Le soleil est haut dans le ciel, c’est un beau jour d’été. Il fait chaud, l’air est lourd, pas un souffle de vent. L’homme dort à même le sol, sommeil d’ivrogne, lourd et fatigué. Il a échoué là, sur le trottoir, sans savoir où il est, ce qu’il fait là. Il a fermé les yeux et tout oublié. Son souffle est épais, aviné, troublé. Je l’entends, passant à ses côtés, je l’observe à peine, gêné. Regarder quelqu’un qui dort c’est troublant, de l’intimité dans le sommeil et nos rêves inavoués. Le rebord du pont lui sert d’inconfortable oreiller, il ne s’en rend même plus compte. La pierre nue est plus douce que la douleur de son sommeil, ses rêves agités. Il a fermé les yeux, il ne me voit pas, mais tous les passants alentour m’observent quand je fais mine de m’arrêter à sa hauteur, lui prêter secours ? Mon regard devient suspect dans son suspens, je dois faire quelque chose mais rester là et l’observer c’est indécent, obscène. Observer de près rend vulnérable et accessible aux gens, aux lieux.

On marche des heures durant, au hasard des rues et des rencontres. Les bâtiments, les passants, ou le sens de la circulation sont autant de rencontres que l’on fait en ville quand on marche. Dans ce quartier qui mêle ancien et moderne, une église derrière un grand mur d’enceinte, on regarde un moment ce bâtiment avant de se rendre compte qu’une porte un peu plus loin nous permet d’y entrer. C’est une sorte d’îlot isolé, à l’abri du bruit, de la circulation et des regards. L’accès n’est pas réservé, facile d’y entrer, pourtant plus personne ne vient là, le lieu est abandonné. L’église est fermée depuis si longtemps, plus personne n’y entre. À l’ombre du vieil arbre, une cabane de chantier, l’hôpital est en travaux. Abandonnée là comme un vieux jouet et depuis si longtemps, qu’on a déposé contre elle de vieilles planches, cadres et montants de fenêtres, vitres cassés, détritus de travaux, matériels abandonnés, bien disposés les uns contre les autres comme des livres dans une bibliothèque.

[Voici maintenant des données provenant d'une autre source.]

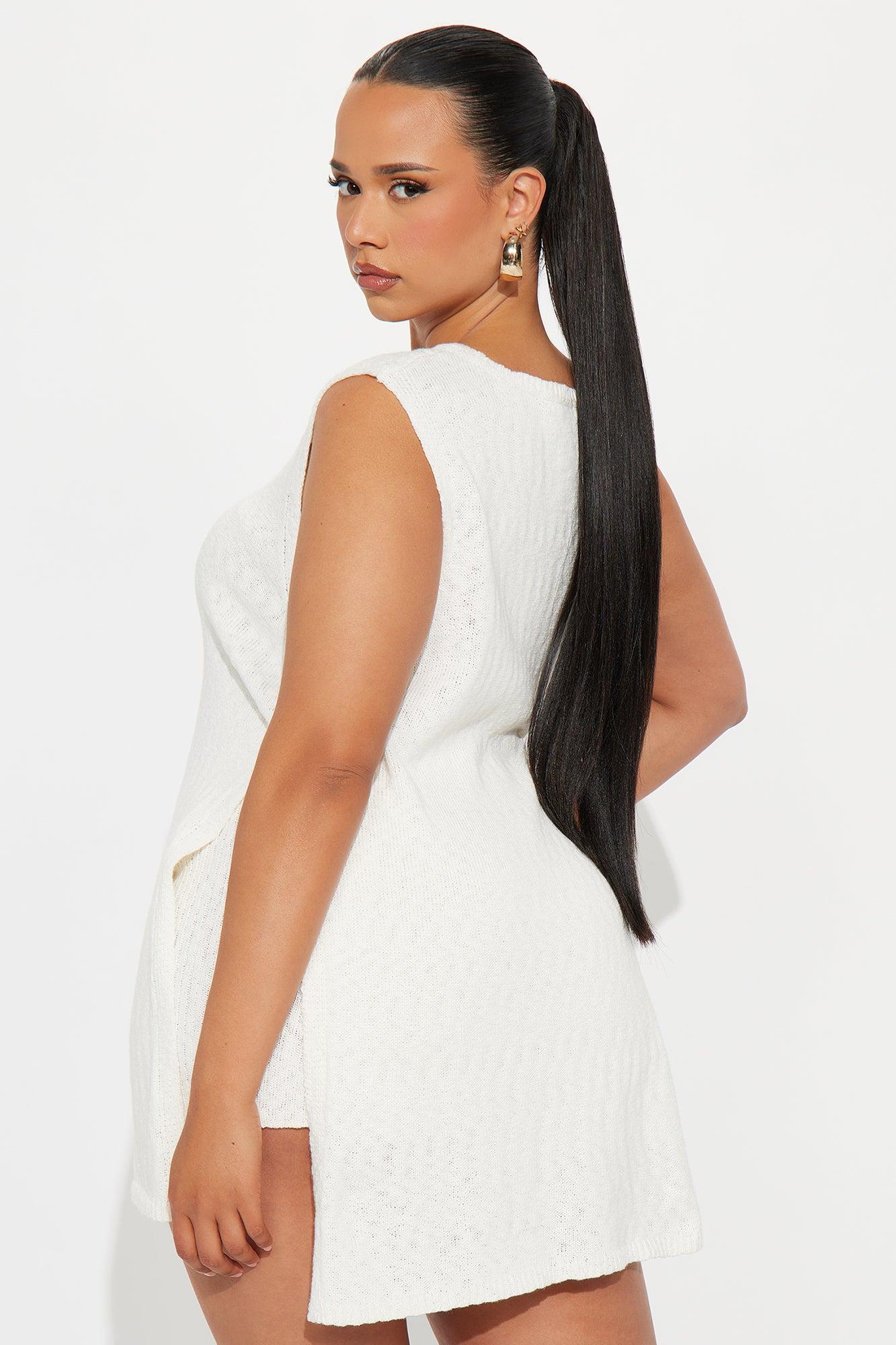 Nora Sleeveless Sweater Short Set - Cream Product Image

Dix ans plus tard, au même endroit, sur le pont de la rue Louis Blanc qui se profile au-dessus du Canal Saint-Martin, je retrouve un homme à la rue, profondément endormi sur le maigre rebord du pont métallique, deux sacs plastiques comme des oreillers improvisés aux allures de sacs de lestage, dans l’inconfort d’une position précaire et instable que seule justifie la lourdeur d’un sommeil sans rêves. Tel un cadavre sans sépulture, une statue descendue à la hâte de son piédestal, abandonnée dans la précipitation des événements. Le temps passe, on dira que rien ne change, ce n’est pas vrai, ce n’est pas juste. Il y a certaines choses qui empirent. Cet homme est à la rue mais personne ne le remarque plus. Il se fond avec le décor. Il est devenu invisible. La crasse de ses vêtements se confond avec la saleté des trottoirs, la pollution de la pierre, son usure, et la rouille du pont. Il respire encore, mais aucun de ses membres ne bougent, il est parfaitement immobile. Une pierre. Un gisant.